**STORED DATA:**

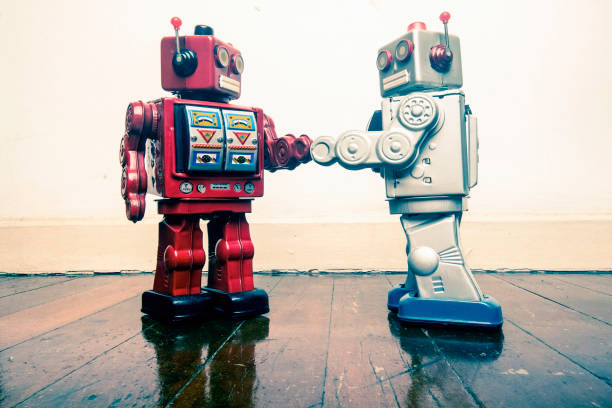istock two vintage robot shake hands on a old wooden floor 985012212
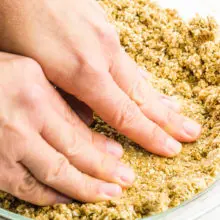 Hands are pressing an oatmeal mixture into a pie pan.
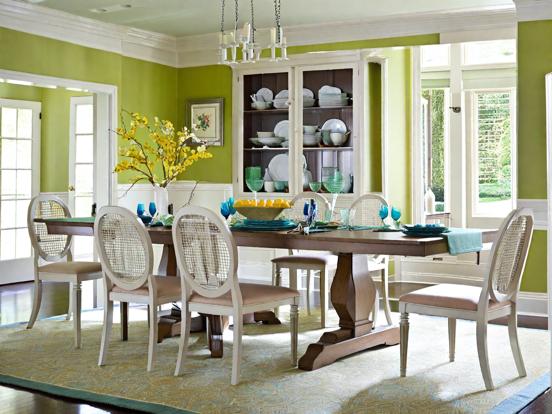 Green dining room table set flowers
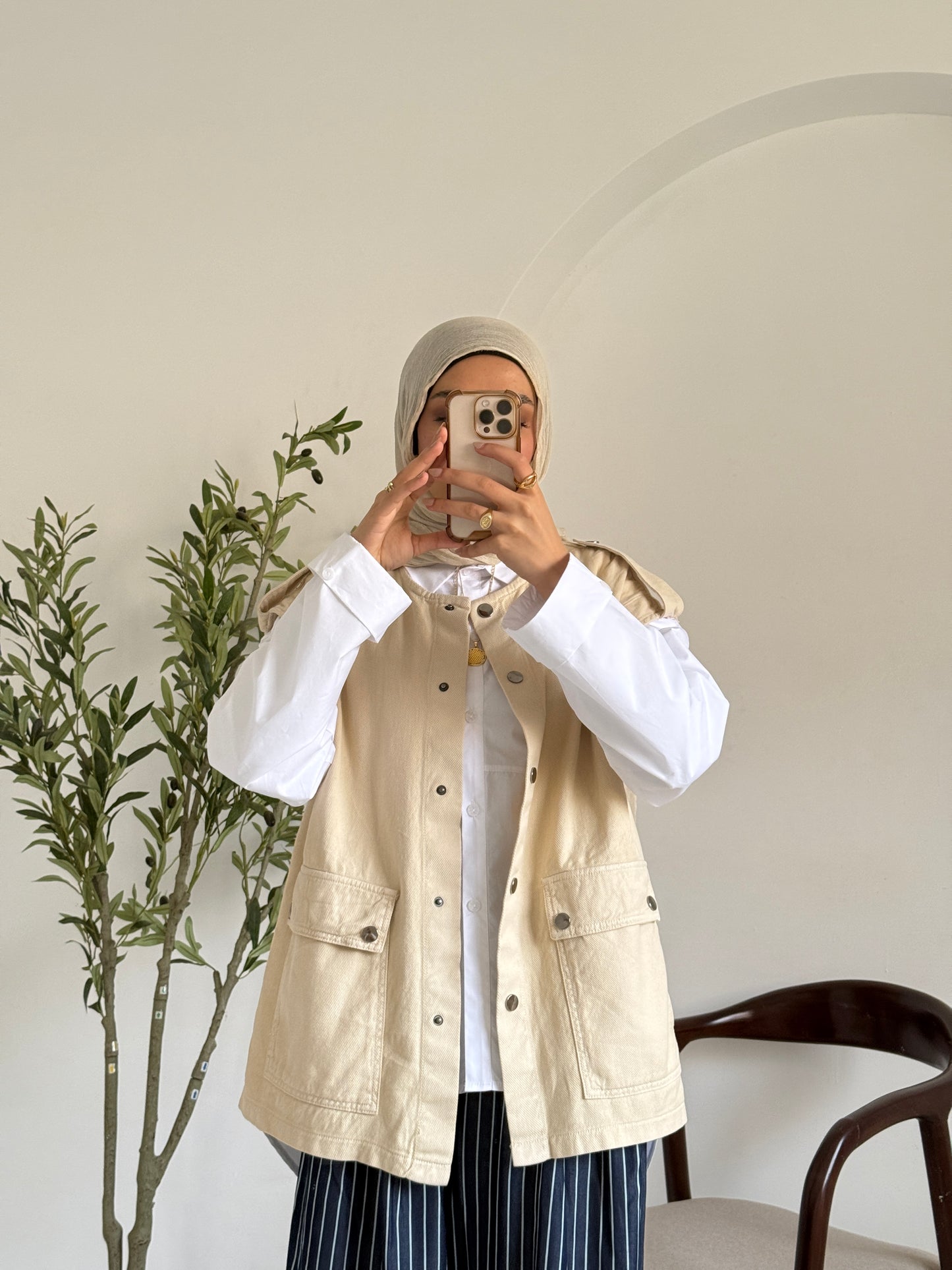 Amenaa new gabardine vest displayed on a hanger, showcasing its tailored fit and classic design in neutral color.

**WHAT YOU SHOULD DO:** Copy out every line above, word for word, minus images.

**ANSWER BOX:**
istock two vintage robot shake hands on a old wooden floor 985012212
 Hands are pressing an oatmeal mixture into a pie pan.
 Green dining room table set flowers
 Amenaa new gabardine vest displayed on a hanger, showcasing its tailored fit and classic design in neutral color.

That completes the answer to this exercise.